Step 3: See what’s in your Google Account
Calling the function gs_ls() will show you spreadsheets in your account.
gs_ls() # A tibble: 15 x 10 sheet_title author perm version updated sheet_key 1 for googlesheets rforjournali… rw new 2017-12-11 09:44:54 1Y0WCfTW… 2 Avon and Somerset Septe… rforjournali… rw new 2017-11-19 12:46:55 1TfC5Fs6… 3 Mid year 2015 UK popula… rforjournali… rw new 2017-10-25 21:19:52 1Vqg560s… 4 Cleveland 2016-09 rforjournali… rw new 2016-11-26 10:18:16 19xBr8nU… 5 Rankings of US presiden… rforjournali… rw new 2016-11-08 04:39:55 11PZxq7y… 6 Tennis #1s rforjournali… rw new 2016-11-06 20:04:42 1Riz8GRs… 7 Young persons railcard rob.grant rw new 2016-11-06 13:05:55 1XZsjJxu… 8 Copy of Young persons r… rforjournali… rw new 2016-11-05 18:14:38 1oUpRS-D… 9 defective rforjournali… rw new 2016-11-05 11:40:30 1jWZBILC… 10 Asylum rforjournali… rw new 2016-10-27 19:04:05 1CRMl2_1… 11 Buses rforjournali… rw new 2016-10-24 20:07:41 1qy9Z-sn… 12 Untitled spreadsheet rforjournali… rw new 2016-10-24 19:22:42 1_f_FI5n… 13 Population rforjournali… rw new 2016-10-24 18:29:17 1rrOQuV5… 14 Drugs rforjournali… rw new 2016-10-18 21:37:29 1UTsnGM6… 15 Food rforjournali… rw new 2016-10-15 13:24:30 1aWEAPR4…
Step 4: Read a spreadsheet
I am going to select the first spreadsheet ‘for googlesheets’ by its title. It’s a selection of 50 random numbers between 0 and 1 (you can recreate this function with runif()
in R).
for_gs <- gs_title("for googlesheets")
You can also locate the sheet by the key (the letters, numbers and characters after the /d/ in the URL) for the same result
for_gs <- gs_key("your_key_here")
This gives us a list, which we can turn into a data frame using the gs_read()
command.
for_gs_sheet <- gs_read(for_gs) str(for_gs_sheet) Classes ‘tbl_df’, ‘tbl’ and 'data.frame': 50 obs. of 2 variables: $ Number.x: num 0.4696 0.1587 0.0949 0.1823 0.0885 ... $ Number.y: num 0.67551 0.7041 0.00167 0.51302 0.20114 ... - attr(*, "spec")=List of 2 ..$ cols :List of 2 .. ..$ Number.x: list() .. .. ..- attr(*, "class")= chr "collector_double" "collector" .. ..$ Number.y: list() .. .. ..- attr(*, "class")= chr "collector_double" "collector" ..$ default: list() .. ..- attr(*, "class")= chr "collector_guess" "collector" ..- attr(*, "class")= chr "col_spec"
Step 5: Modify the spreadsheet
Next up, we modify our spreadsheet using the gs_edit_cells()
function.
This function has several arguments that we need to employ to edit our spreadsheet properly.

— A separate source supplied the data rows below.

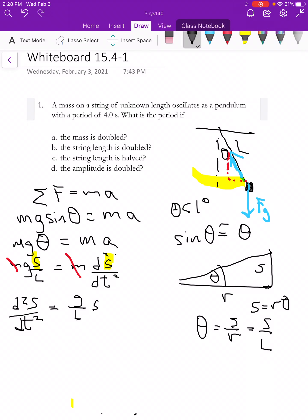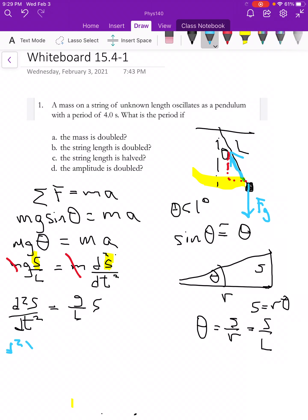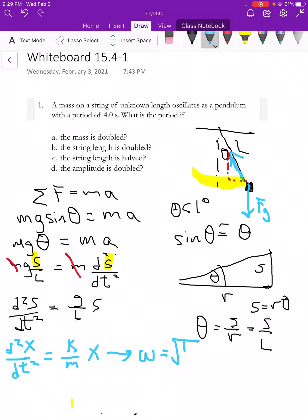When we did this for the spring, we found that omega equals the square root of K over M. The spring equation was d²X/dt² = K/M times X. Our pendulum equation has the same form, but now we're using G over L instead of K over M. So for the pendulum, omega equals the square root of G over L.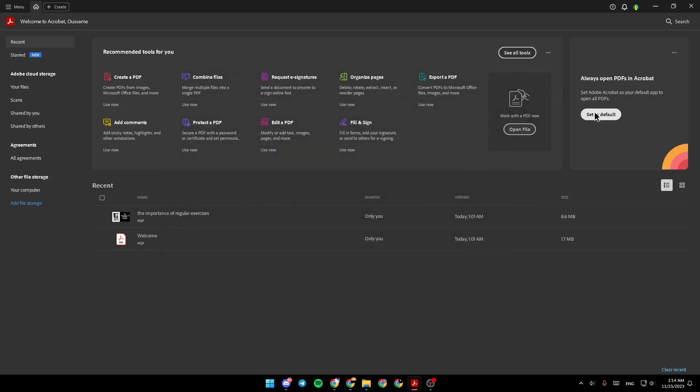From here, you can set Adobe Acrobat as your default reader.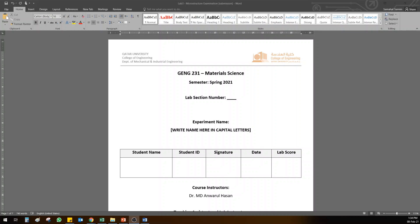Okay, let me explain how the lab report submission for lab number three is. Please listen to me until the end and then we will have some questions if something is not clear for you.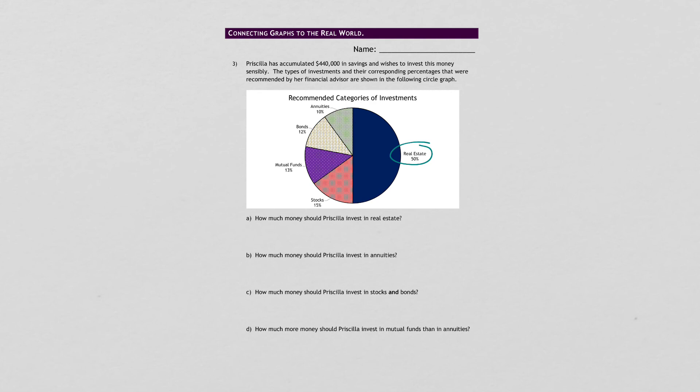How much money should Priscilla invest in stocks and in bonds? So you'll find, same as with A and B, for stocks with bonds and then add them together because it's and.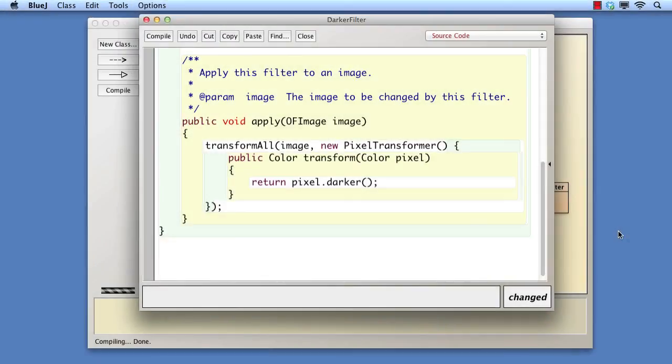Here's the version in darker filter. Adding similar implementations in the other subclasses completes the exercise.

gs_edit_cells(for_gs, ws = "Sheet1", anchor = "A2", input = c(1,2), byrow = TRUE)
The ws
argument refers to the sheet name in the spreadsheet. The anchor
argument refers to the cell from which the modification will begin. In my example, I am editing two cells, where the first one will be the anchor cell A2. The byrow
argument indicates that the modification will apply horizontally (change to FALSE for vertical editing).
Note that this won’t change our data frame for_gs_sheet
that is based on this spreadsheet; just the spreadsheet itself.

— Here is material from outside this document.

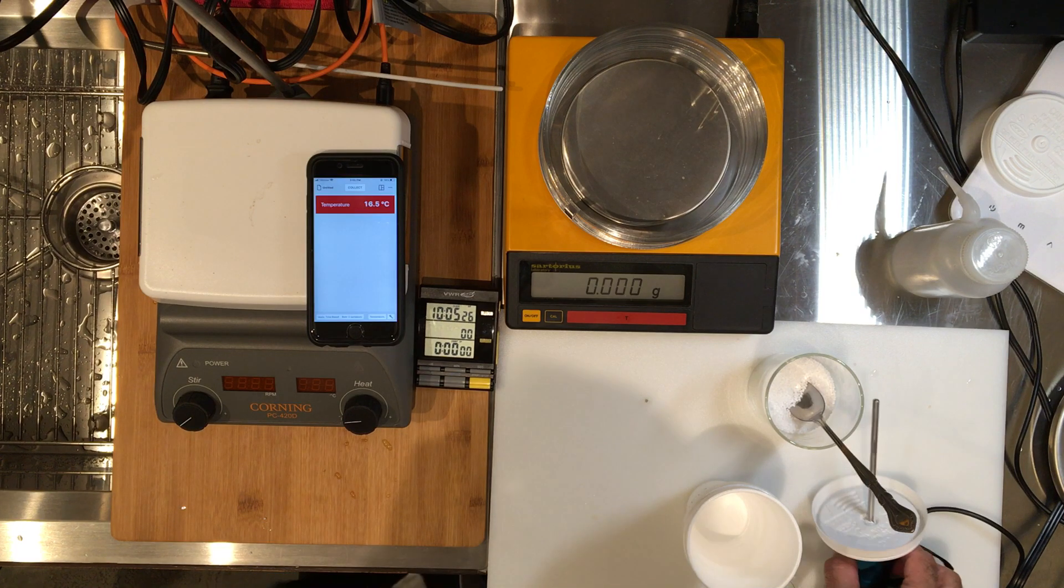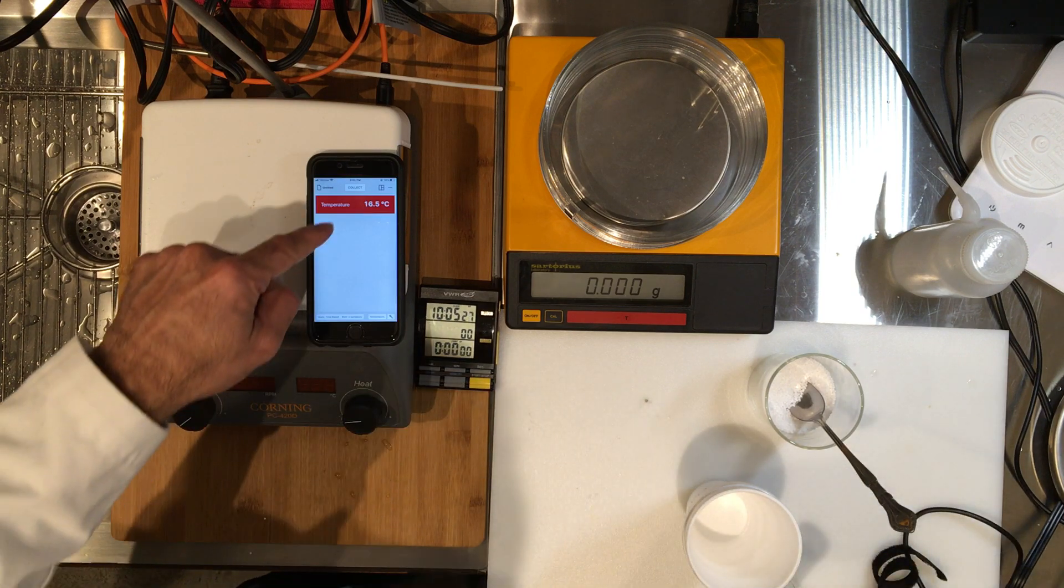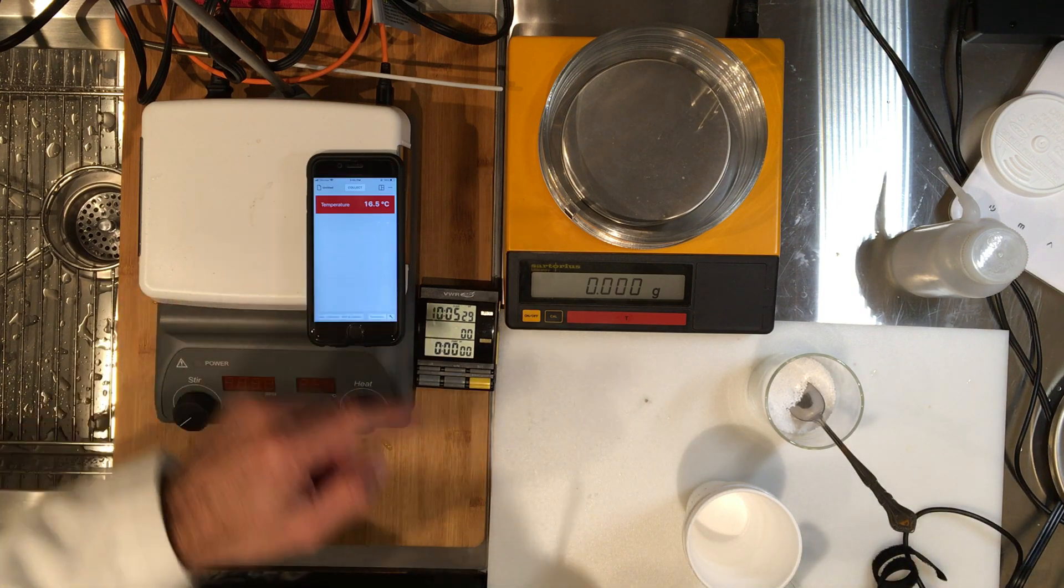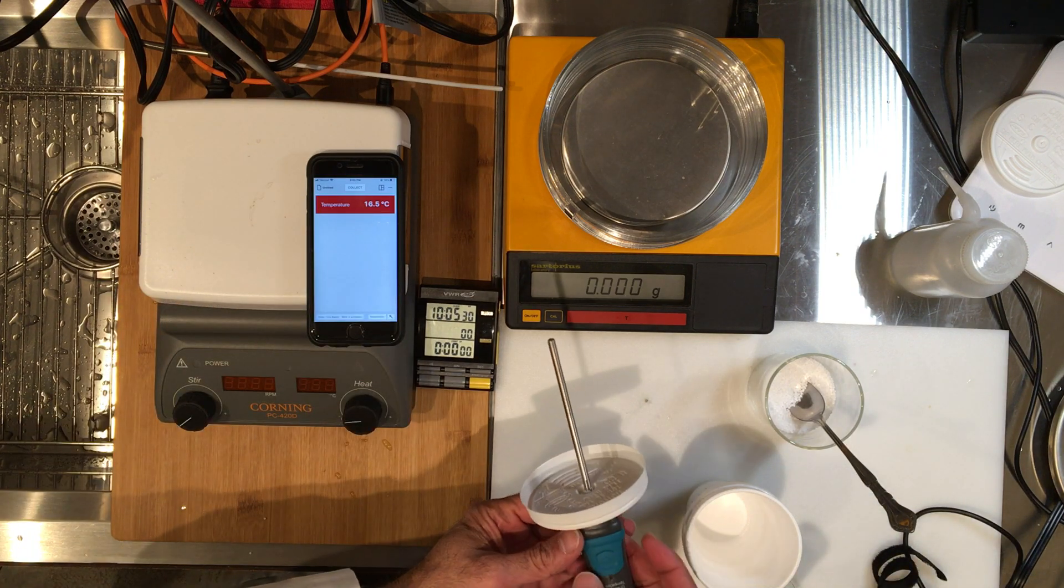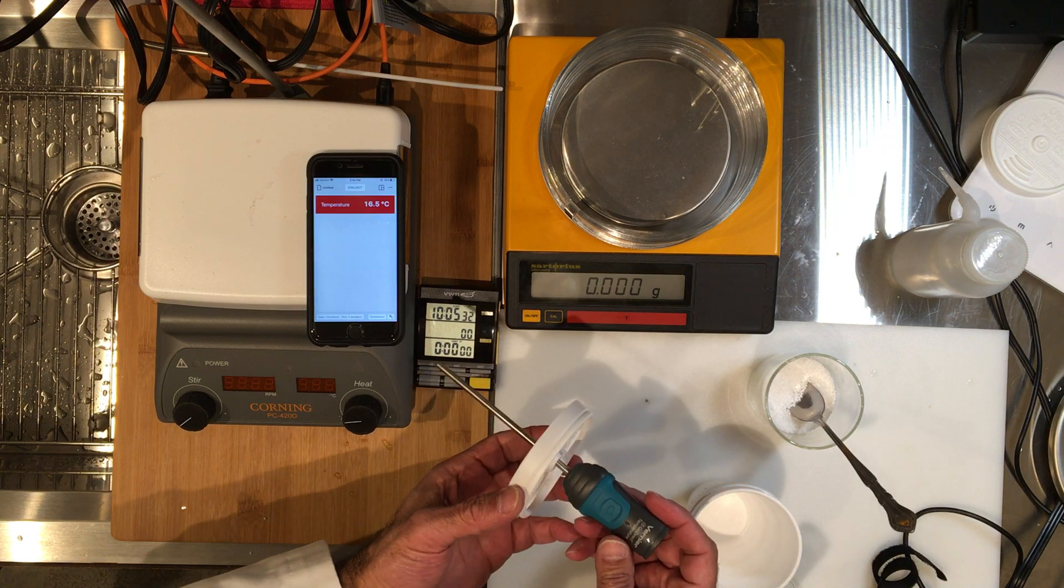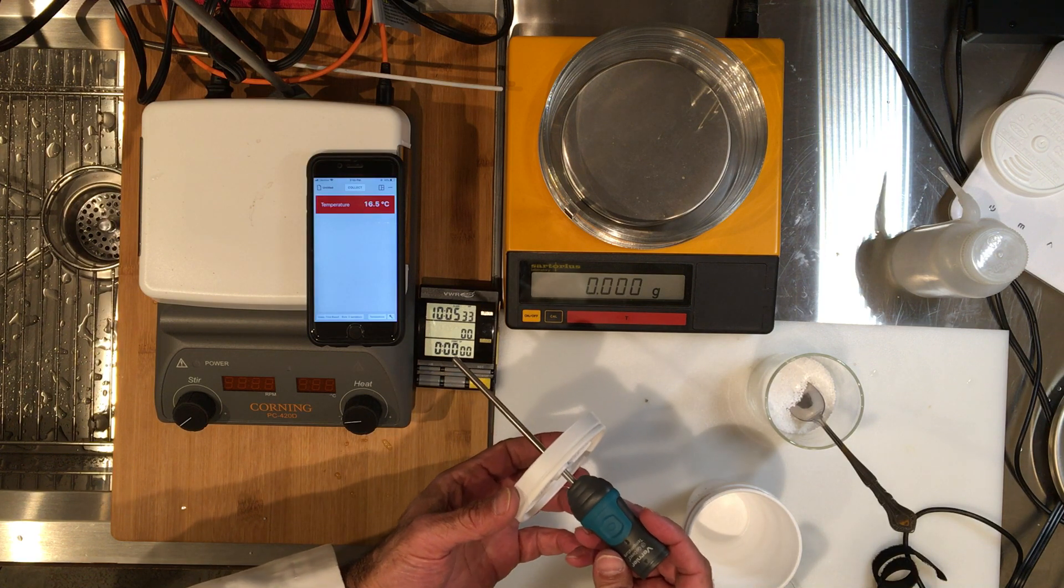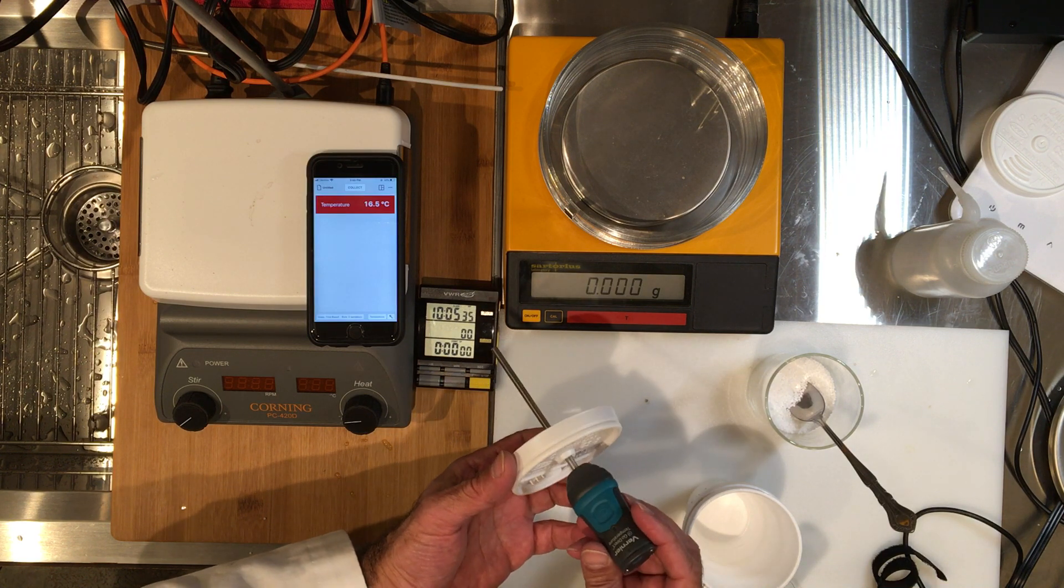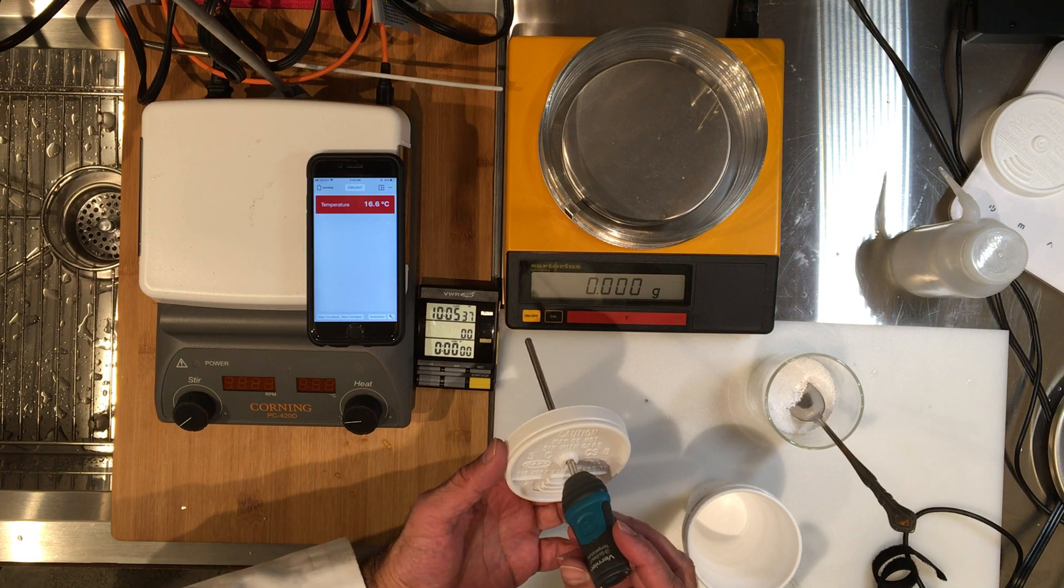Right now my thermometer reads 16.5 degrees Celsius. This is a wireless thermometer, very convenient, and I've inserted it to a styrofoam lid.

Cell A2 now has a value of 1. A3 is 2.
Step 6: Create a Google Sheets file using R
We can create new spreadsheets using this package using gs_new()
.
We’ll use the mtcars
dataset as a test:
gs_new(title = "mtcars", ws_title = "first_sheet", input = mtcars)
It worked, except it didn’t include the rownames, which contains the cars.
That doesn’t matter, we can add them using gs_edit_cells()
, changing the byrow
argument to FALSE this time.
#register the new mtcars sheet in R mtcars_sheet <- gs_new(title = "mtcars", ws_title = "first_sheet", input = mtcars) #insert the rownames vertically in column L gs_edit_cells(mtcars_sheet, ws = "first_sheet", anchor = "L2", input = rownames(mtcars), byrow = FALSE)
Final thoughts
That was a quick overview of the most basic functions of the google sheets package.
This is a really useful package. A lot of my work involves reading data in Google Sheets either before or after using R.
Googlesheets means I won’t have to bother with read.csv()
or write.csv()
as much in the future, saving me time.
So thanks to Jenny Bryan for creating it!